Overall flow chart of EDST algorithm

After introducing the overall framework of the integration algorithm, the specific process of generating a complete decision tree (DST) will be followed (steps 4–24). To increase accuracy for multi-classification problems, our algorithm first divides the dataset into several sub-datasets by sampling in the one-vs-one scheme, which pairs up c classes to generate \(c(c-1)/2\) binary classification tasks (steps 4–5). Then, the algorithm needs to generate a corresponding stump for each feature (step 6). Fig. 2 shows the general process of generating a DS on \(f_i\), where \(\{(x_{pi},y_p)|x_{pi}=a\}\) represents a set of samples taking value a and L represents the proportion of relevant labels in the group. For the continuous feature \(f_i=\{x_{1i},x_{2i},\ldots ,x_{ni} \}^T\) which denotes the i-th feature vector, all training samples are sorted by their values in \(f_i\), forming a set of intervals. Samples are divided into different intervals from smallest to largest according to their distribution. The label that appears most often in each interval is set as the final label. After that, the labels of all the intervals are checked, and the adjacent intervals with the same label are combined to form a group. For example, the top green square contains all samples with the i-th feature value a, where label 1 and label 2 are 10 to 1. Then, by comparing the proportion of samples in the adjacent green squares, the algorithm determines that the samples contained in the \(x_{pi}=a\) and \(x_{pi}=b\) squares are of the same category, and can be combined.

Fig. 2
figure 2

An example of the tree stump generation

Next, we draw on ideas from the Genetic Algorithm (GA) to cross-mutate stumps in different subsets of samples (step 7). Based on the classification results of the stumps, the similarity of the two stumps is calculated by Eq 2. The 50% stump with the highest sum of similarities is screened out, which may have less information. Since there are a total of \(2\times m\) subsets of data, \(2\times m\) sets containing the highest similarity stumps can be obtained. If the stump generated by the same feature appears in multiple sets at the same time, the algorithm randomly exchanges them so that information can be passed between different subsets of data.

$$\begin{aligned} {\textrm{Similarity}} = \frac{\sum _{p=1}^n(x_p\times y_p)}{\sqrt{\sum _{p=1}^n(x_p)^2 \times \sum _{p=1}^n(y_p)^2}}, \end{aligned}$$
(2)

After the stump exchange is completed, the algorithm evaluates the classification performance of their stumps and selects the stump with the best performance as the root node stump (steps 8–13). Here use the Gini index as the evaluation method for each node of the DS-based decision tree, and its formula is as follows:

$$\begin{aligned} {\textrm{Gini}} = \sum _{z}^u(1-\sum _{j}^cp_{j,z}^2), \end{aligned}$$
(3)

where c is the number of classes in the present sub-dataset, u is the number of leaves of the feature tree stump, and \(p_(j,z)\) represents the ratio of the number of samples in the j-th class to the total number of samples in the z-th leaf node. This Gini index is modified by removing the penalty on the number of samples in the leaf to split the samples better. Finally, the stump is spliced in a loop iteration to generate an entire decision tree (steps 14–21) until the sample contained in a branch is smaller than \(\theta\), which is set to n/10 in our algorithm.
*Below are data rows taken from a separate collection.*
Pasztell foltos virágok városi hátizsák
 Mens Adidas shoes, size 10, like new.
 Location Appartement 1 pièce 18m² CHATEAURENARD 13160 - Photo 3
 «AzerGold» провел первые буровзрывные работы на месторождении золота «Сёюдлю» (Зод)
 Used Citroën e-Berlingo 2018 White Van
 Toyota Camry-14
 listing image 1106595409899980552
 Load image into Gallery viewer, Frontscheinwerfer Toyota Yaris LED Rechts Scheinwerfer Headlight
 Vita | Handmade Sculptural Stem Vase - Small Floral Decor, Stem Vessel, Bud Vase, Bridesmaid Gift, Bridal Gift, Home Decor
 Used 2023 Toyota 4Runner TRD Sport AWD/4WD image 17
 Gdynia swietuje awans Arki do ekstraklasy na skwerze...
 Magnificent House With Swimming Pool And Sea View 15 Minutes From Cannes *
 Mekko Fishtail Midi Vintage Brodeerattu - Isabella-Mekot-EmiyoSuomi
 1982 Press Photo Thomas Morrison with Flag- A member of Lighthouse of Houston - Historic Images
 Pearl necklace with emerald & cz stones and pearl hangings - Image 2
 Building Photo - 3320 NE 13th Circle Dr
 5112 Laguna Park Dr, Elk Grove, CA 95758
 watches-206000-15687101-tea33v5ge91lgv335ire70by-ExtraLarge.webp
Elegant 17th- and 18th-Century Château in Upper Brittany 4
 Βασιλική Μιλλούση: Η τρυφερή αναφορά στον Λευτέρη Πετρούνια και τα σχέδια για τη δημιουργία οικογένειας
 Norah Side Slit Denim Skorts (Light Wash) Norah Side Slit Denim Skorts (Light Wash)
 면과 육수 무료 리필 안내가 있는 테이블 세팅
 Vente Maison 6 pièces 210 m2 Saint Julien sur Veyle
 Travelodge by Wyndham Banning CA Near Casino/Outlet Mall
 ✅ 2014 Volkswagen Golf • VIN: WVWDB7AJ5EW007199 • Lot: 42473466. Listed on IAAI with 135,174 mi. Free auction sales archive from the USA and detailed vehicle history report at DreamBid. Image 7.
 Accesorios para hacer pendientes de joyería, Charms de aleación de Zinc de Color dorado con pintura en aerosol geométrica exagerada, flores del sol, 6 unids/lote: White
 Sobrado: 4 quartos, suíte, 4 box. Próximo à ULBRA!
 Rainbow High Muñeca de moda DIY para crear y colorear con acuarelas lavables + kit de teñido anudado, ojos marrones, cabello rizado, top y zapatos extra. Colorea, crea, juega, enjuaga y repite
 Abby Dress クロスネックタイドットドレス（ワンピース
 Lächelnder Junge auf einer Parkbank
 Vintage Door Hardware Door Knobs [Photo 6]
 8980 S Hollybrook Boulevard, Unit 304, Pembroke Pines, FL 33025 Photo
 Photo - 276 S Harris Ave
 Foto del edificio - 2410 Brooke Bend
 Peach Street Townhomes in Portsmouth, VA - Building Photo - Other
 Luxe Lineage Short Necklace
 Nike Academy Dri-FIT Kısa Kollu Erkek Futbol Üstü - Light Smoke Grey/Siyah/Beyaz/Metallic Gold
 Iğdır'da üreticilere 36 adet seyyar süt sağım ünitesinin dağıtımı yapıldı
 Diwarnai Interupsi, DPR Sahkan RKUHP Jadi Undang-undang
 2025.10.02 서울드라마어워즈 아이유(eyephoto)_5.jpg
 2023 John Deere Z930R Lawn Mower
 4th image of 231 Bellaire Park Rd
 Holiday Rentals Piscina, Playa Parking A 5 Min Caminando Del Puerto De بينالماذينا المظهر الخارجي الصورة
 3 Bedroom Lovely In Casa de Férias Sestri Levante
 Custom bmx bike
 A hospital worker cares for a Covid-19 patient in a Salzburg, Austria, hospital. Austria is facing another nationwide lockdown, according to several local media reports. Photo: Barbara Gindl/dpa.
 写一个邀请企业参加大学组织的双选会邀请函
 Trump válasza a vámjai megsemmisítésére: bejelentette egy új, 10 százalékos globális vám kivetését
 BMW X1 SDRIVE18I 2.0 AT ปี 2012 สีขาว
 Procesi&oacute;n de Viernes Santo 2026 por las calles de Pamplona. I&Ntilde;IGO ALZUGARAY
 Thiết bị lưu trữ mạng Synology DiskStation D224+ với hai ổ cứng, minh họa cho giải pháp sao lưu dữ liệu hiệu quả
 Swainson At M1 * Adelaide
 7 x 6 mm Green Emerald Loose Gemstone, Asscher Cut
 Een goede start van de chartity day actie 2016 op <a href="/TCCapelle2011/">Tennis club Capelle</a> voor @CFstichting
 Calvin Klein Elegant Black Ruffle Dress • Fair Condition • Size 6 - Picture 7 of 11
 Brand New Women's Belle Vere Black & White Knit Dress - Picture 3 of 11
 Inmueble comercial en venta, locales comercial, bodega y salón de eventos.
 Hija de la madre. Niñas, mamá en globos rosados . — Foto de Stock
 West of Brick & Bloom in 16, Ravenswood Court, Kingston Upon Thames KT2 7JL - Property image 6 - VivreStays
In our algorithm, the use of DSs as the elements to build a decision tree makes the tree gain global information instead of local information on the data at each split, to enhance the tree’s generalization ability. The results of each tree are fused by the majority soft voting strategy to get the final decision. In this way, the base classifier DST required for the ensemble is obtained.

figure a

Experiment

Datasets

In the dataset, a sample represent a drug combination on a particular cancer cell line, i.e., a drug combination-cell line pair. The samples are collected from DrugComb database (v1.4) [4]. To predict cell line-specific synergistic drug combinations, samples from different cell lines are modeled separately. For a sample, DrugComb contains four types of synergy scores, including Bliss Independence, Highest Single Agent, Loewe Additivity, and Zero Interaction Potency, where positive values represent synergy and negative values represent the antagonism of the drug combination. In this study, samples are divided into three categories (Synergy, Antagonism, and Additive) based on all mentioned four synergy scores. Synergy or Antagonism represent those samples whose four synergy scores are both positive or negative numbers, respectively, while the remaining samples are classified as Additive. Then, the samples with missing features are removed. Finally, two typical cell lines, HT29 colorectal cell line and A375 melanoma cell line, that have the largest sample capacity are selected to construct the data set. Table 1 lists the number of samples in each class and each cell line. It can be observed that the number of samples in the Additive class is greater than the sum of the samples of the other two classes. This problem will affect model training and prediction.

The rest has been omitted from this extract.